> _What is needed_: Each line below from the line with "Костел Богоматері Пероможиці, де" to the line with "Harry Styles irriconoscibile" must be copied exactly, including those two, and no picture may appear in the copy.

> _Stored data_:
####
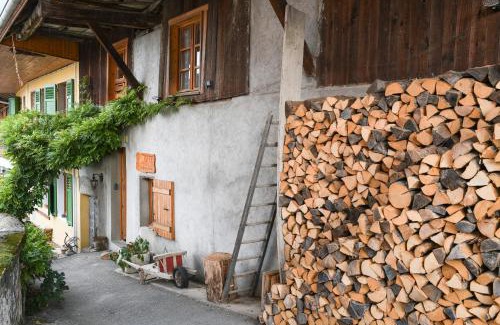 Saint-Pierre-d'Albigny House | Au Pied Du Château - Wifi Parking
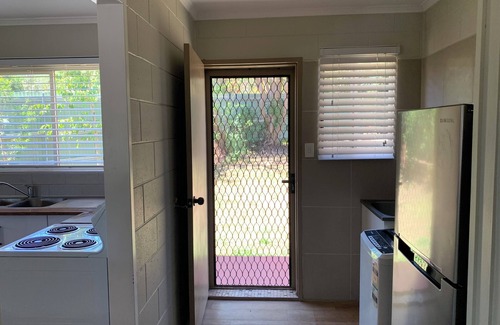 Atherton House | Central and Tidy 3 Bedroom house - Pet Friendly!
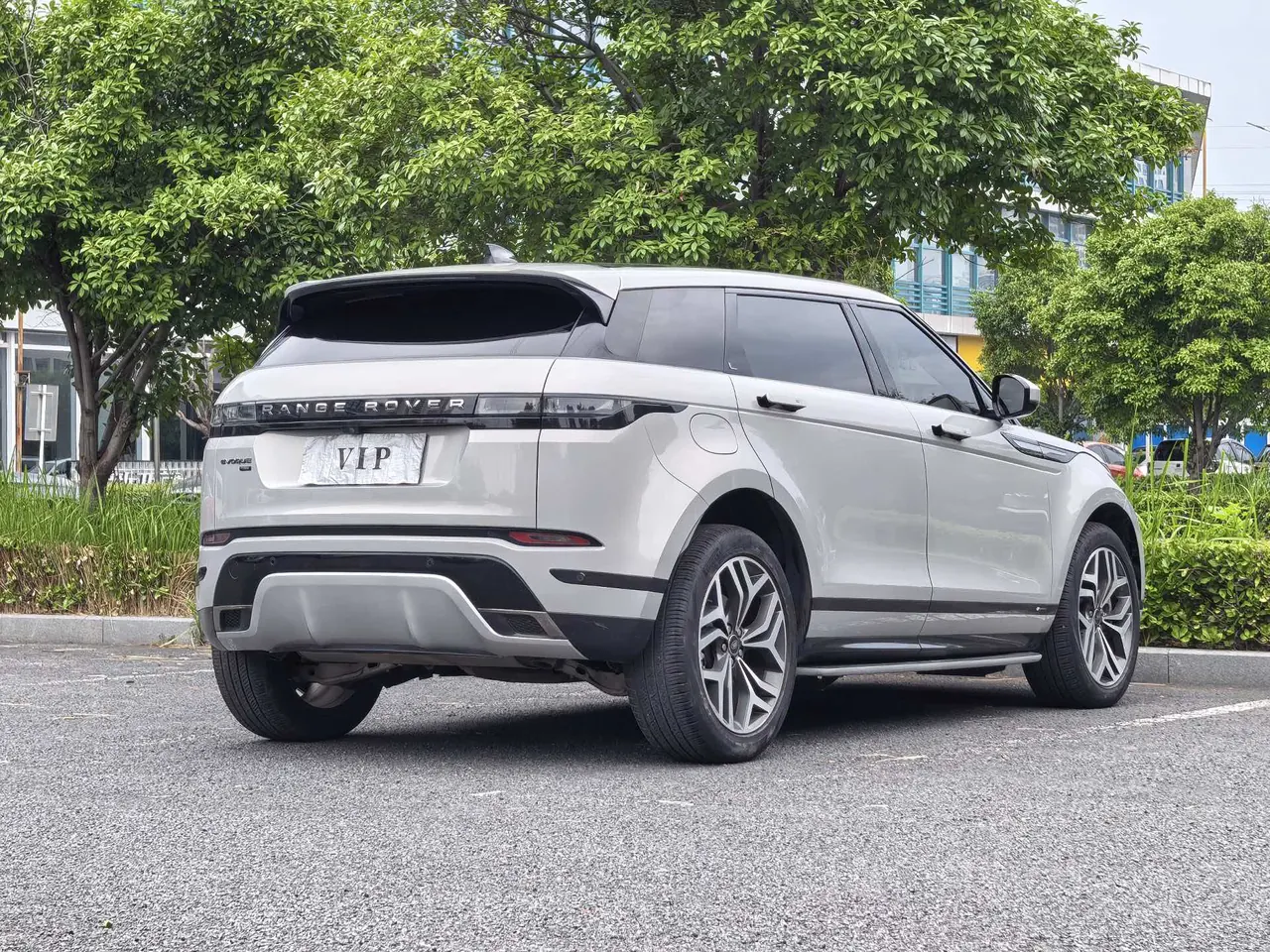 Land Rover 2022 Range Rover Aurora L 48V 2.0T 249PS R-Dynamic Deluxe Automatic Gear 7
####
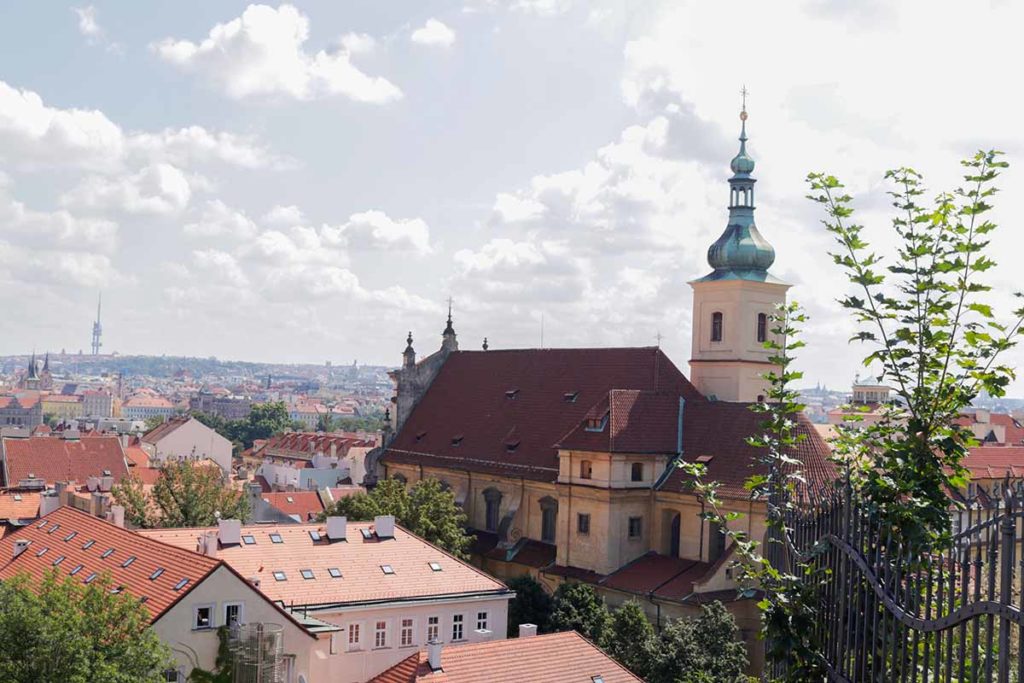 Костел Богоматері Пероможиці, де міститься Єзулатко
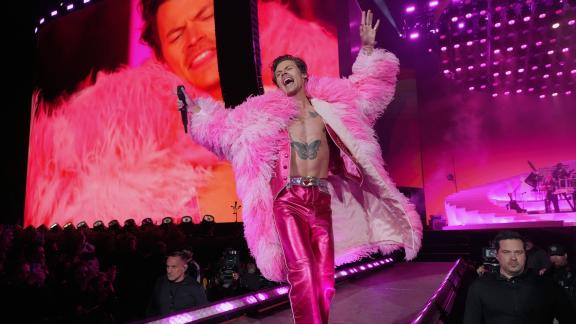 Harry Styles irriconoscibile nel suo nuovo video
####
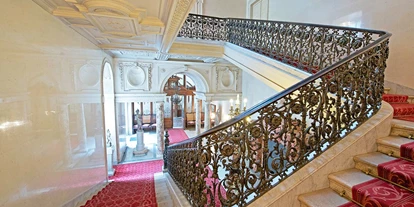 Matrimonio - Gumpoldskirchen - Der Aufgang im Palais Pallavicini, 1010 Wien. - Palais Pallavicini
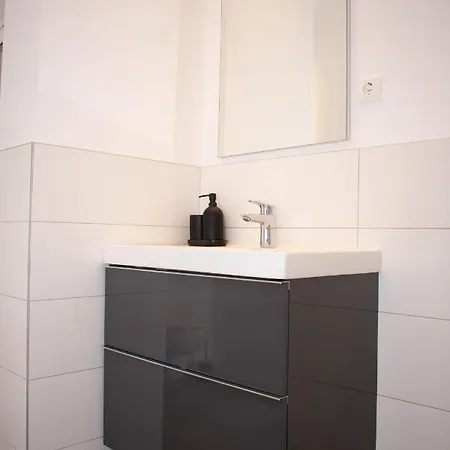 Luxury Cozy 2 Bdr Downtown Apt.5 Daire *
####
> _Exercise output_:
 Костел Богоматері Пероможиці, де міститься Єзулатко
 Harry Styles irriconoscibile nel suo nuovo video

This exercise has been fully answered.